## Aim of the exercise
Of the entries below, return only those lines from the line with "And because of" to the line with "The last chapter", exactly, both included.

══ Record set

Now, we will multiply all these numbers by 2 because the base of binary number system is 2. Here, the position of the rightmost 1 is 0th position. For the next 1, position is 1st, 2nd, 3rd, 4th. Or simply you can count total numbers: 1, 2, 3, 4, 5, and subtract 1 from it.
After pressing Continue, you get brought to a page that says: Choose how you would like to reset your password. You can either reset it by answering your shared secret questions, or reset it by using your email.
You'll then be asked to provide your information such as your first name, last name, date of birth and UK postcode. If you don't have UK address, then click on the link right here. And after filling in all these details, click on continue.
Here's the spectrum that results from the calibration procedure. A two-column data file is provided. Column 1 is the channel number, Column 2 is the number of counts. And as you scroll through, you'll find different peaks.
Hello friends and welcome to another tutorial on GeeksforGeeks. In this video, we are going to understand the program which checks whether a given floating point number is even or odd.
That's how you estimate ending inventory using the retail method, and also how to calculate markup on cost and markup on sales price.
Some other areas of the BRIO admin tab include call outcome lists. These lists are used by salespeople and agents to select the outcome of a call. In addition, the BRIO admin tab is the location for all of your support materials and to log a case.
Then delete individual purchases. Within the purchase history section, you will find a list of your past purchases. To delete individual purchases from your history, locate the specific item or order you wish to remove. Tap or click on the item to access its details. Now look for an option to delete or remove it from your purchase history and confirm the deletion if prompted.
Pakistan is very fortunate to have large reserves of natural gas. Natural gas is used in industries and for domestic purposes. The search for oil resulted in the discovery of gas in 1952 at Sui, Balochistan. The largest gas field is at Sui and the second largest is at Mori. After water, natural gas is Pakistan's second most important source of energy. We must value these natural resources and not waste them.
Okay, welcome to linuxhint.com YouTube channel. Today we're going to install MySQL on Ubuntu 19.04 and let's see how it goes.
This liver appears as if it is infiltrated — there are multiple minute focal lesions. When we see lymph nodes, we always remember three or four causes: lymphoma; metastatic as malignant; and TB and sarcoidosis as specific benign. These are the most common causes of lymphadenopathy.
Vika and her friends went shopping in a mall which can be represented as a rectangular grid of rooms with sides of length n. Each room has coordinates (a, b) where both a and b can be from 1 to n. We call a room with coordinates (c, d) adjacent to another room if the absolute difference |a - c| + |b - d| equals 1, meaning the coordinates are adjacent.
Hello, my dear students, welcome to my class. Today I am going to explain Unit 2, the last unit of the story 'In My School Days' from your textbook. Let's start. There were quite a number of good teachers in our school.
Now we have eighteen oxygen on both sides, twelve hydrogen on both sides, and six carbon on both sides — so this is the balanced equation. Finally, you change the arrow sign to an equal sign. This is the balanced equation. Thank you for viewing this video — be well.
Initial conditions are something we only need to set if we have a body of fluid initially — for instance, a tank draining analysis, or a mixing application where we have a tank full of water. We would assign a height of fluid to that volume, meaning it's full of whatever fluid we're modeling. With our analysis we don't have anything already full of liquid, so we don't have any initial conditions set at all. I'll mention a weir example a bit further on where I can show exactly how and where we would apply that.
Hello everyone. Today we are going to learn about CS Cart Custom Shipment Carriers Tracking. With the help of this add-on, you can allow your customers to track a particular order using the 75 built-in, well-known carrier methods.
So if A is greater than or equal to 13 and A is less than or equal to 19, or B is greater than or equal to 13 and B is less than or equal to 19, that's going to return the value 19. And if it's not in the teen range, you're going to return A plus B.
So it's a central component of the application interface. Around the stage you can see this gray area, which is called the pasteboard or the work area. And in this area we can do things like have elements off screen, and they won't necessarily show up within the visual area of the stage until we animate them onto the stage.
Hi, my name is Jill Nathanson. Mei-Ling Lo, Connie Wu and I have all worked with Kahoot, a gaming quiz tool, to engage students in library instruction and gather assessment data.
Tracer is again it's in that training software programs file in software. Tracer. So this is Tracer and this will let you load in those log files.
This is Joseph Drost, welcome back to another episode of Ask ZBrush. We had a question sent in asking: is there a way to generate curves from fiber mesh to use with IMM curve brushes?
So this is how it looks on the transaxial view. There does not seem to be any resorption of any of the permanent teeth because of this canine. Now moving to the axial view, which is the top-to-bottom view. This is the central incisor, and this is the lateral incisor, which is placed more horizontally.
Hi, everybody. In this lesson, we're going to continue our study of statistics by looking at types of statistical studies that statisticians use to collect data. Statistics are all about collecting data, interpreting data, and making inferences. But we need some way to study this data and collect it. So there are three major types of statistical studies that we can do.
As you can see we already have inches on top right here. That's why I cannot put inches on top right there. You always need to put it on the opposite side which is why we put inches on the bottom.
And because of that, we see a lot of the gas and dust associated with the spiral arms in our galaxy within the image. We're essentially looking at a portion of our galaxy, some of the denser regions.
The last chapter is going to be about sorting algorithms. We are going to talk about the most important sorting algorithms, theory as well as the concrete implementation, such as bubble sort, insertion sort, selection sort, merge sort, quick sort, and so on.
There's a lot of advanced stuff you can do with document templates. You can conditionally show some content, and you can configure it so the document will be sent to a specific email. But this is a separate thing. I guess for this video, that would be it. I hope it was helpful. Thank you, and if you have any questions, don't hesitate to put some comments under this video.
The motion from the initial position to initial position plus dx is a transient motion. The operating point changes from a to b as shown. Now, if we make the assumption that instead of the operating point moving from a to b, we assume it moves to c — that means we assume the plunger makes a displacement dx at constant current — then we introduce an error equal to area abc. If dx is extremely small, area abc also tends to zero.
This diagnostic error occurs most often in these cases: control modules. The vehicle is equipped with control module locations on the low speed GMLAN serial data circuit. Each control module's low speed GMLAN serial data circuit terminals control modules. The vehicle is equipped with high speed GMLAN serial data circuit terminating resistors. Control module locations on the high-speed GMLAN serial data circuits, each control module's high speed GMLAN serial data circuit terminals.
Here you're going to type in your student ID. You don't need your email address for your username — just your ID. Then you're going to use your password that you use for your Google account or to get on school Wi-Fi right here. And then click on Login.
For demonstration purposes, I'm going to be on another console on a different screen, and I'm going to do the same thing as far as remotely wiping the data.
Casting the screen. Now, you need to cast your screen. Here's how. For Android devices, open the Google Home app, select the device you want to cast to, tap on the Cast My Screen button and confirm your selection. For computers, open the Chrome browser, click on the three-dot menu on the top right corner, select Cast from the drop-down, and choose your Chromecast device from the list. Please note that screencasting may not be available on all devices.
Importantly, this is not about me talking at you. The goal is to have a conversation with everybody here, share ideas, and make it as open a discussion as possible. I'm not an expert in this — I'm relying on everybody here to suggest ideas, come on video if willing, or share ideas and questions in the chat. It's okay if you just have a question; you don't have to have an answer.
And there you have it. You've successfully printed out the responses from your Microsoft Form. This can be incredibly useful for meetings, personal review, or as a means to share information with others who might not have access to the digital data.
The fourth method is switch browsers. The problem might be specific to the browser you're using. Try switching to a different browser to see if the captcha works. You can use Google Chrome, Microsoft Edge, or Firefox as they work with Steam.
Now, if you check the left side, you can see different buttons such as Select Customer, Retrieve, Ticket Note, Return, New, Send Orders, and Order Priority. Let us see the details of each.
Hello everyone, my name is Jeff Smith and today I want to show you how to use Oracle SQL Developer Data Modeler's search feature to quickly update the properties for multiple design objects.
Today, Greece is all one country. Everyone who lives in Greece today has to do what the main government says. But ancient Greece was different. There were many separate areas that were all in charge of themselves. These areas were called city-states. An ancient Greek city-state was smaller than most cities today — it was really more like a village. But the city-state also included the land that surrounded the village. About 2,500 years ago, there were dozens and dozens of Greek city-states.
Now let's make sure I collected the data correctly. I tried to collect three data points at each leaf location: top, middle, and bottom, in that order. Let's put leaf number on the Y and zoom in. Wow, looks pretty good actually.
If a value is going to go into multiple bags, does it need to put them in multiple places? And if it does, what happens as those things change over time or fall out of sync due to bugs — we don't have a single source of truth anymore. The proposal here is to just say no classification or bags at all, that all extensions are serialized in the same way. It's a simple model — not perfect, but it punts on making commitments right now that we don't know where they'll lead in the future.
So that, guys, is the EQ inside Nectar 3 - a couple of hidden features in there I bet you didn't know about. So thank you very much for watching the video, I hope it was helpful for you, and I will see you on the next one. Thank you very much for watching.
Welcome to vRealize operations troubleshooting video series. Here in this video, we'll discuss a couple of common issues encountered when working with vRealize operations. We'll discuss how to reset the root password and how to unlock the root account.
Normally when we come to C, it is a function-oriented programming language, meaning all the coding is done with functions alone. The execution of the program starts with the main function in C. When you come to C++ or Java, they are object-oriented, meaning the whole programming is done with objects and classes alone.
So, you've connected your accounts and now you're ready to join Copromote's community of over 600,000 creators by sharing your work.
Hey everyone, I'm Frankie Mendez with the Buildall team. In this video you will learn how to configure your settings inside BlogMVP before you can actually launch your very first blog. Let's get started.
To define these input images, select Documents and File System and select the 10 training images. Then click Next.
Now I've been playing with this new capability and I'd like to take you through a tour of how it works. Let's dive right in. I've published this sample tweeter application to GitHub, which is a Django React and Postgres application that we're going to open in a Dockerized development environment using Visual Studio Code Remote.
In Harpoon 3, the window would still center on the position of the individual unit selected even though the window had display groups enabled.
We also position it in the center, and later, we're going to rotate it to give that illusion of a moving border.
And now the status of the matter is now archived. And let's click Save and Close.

════

## Result of this task
And because of that, we see a lot of the gas and dust associated with the spiral arms in our galaxy within the image. We're essentially looking at a portion of our galaxy, some of the denser regions.
The last chapter is going to be about sorting algorithms. We are going to talk about the most important sorting algorithms, theory as well as the concrete implementation, such as bubble sort, insertion sort, selection sort, merge sort, quick sort, and so on.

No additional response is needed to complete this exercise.